Short text fragments from websites:
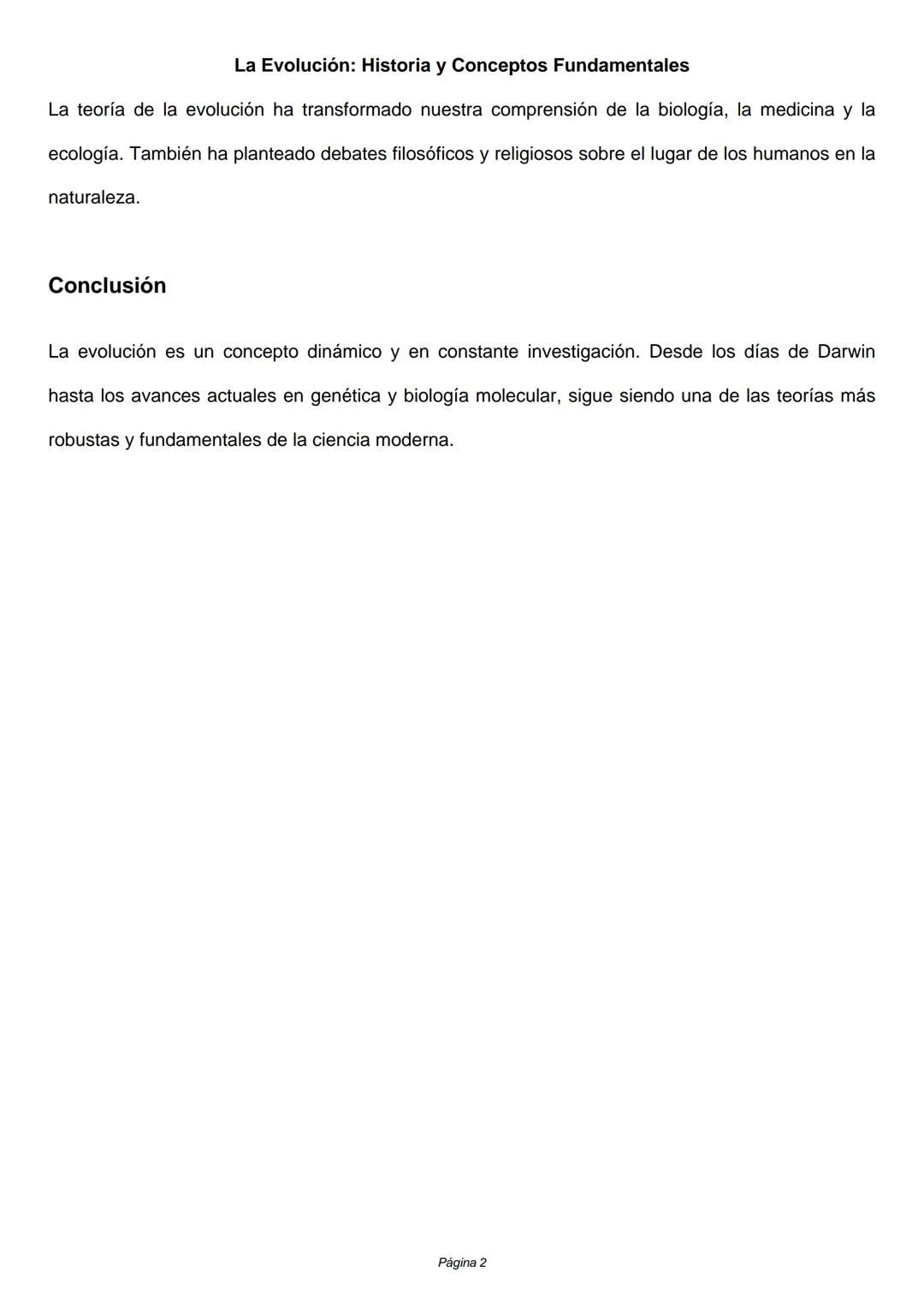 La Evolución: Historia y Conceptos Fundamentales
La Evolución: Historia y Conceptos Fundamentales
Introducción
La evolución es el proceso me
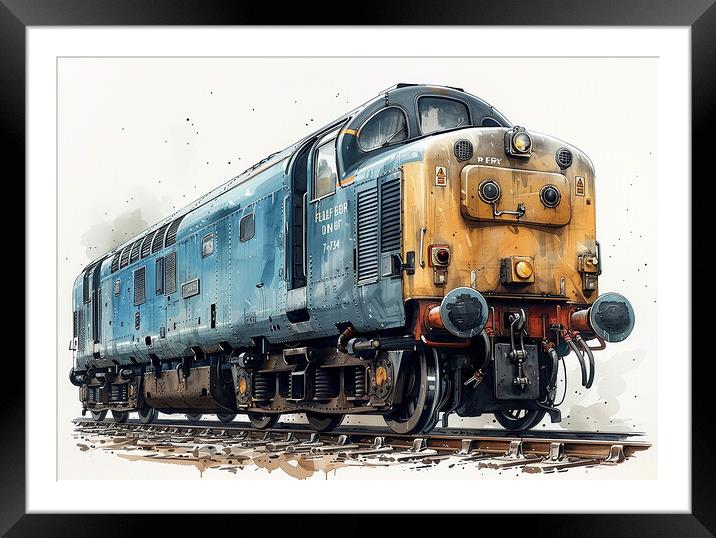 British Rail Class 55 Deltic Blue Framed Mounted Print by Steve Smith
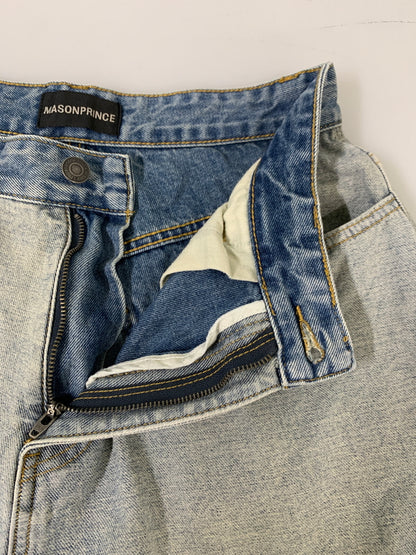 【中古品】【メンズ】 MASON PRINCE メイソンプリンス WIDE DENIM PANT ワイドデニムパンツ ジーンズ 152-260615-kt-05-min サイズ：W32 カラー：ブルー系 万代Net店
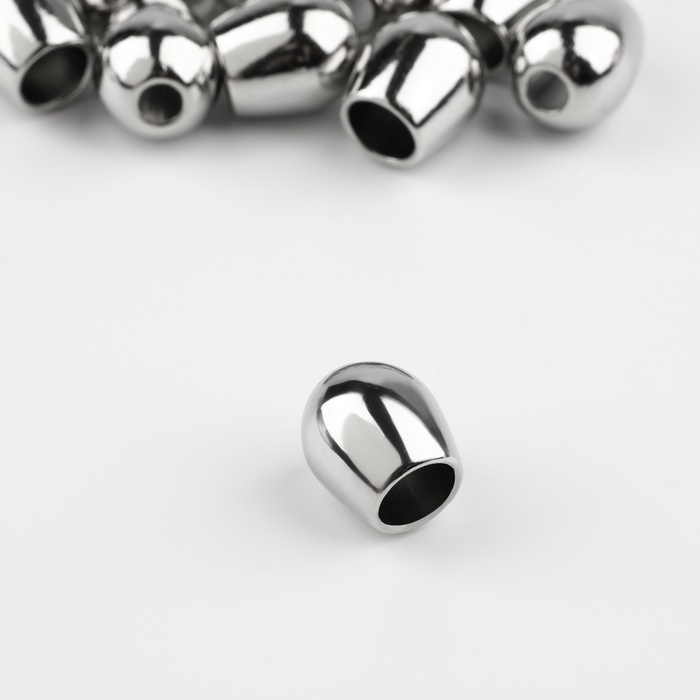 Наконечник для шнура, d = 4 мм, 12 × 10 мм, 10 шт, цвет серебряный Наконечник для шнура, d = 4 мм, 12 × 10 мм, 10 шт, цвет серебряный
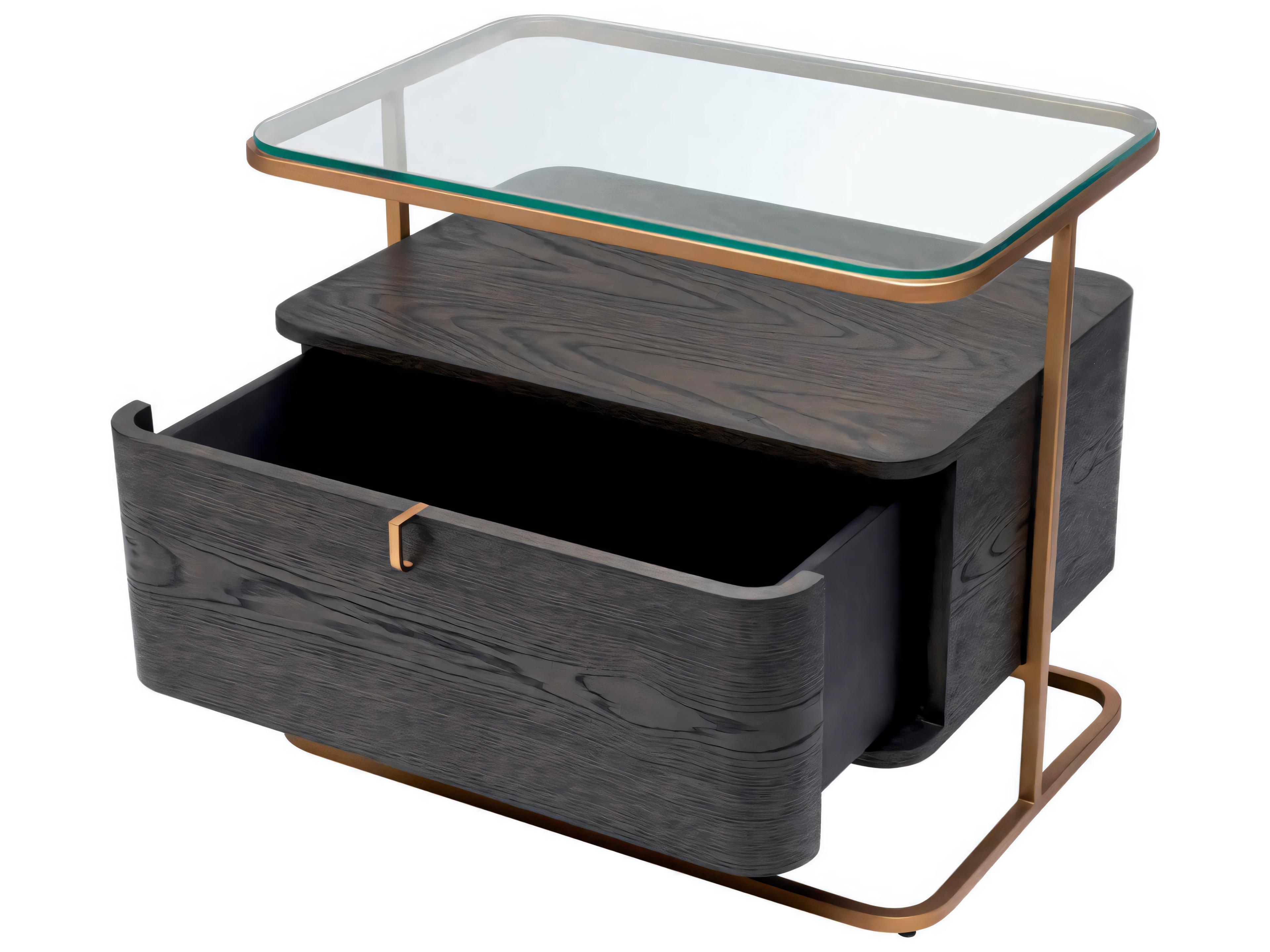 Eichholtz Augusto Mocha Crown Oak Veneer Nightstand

▶ **Your instructions**
Return every entry word for word, minus the pictures.

▶ **Task solution**
 La Evolución: Historia y Conceptos Fundamentales
La Evolución: Historia y Conceptos Fundamentales
Introducción
La evolución es el proceso me
 British Rail Class 55 Deltic Blue Framed Mounted Print by Steve Smith
 【中古品】【メンズ】 MASON PRINCE メイソンプリンス WIDE DENIM PANT ワイドデニムパンツ ジーンズ 152-260615-kt-05-min サイズ：W32 カラー：ブルー系 万代Net店
 Наконечник для шнура, d = 4 мм, 12 × 10 мм, 10 шт, цвет серебряный Наконечник для шнура, d = 4 мм, 12 × 10 мм, 10 шт, цвет серебряный
 Eichholtz Augusto Mocha Crown Oak Veneer Nightstand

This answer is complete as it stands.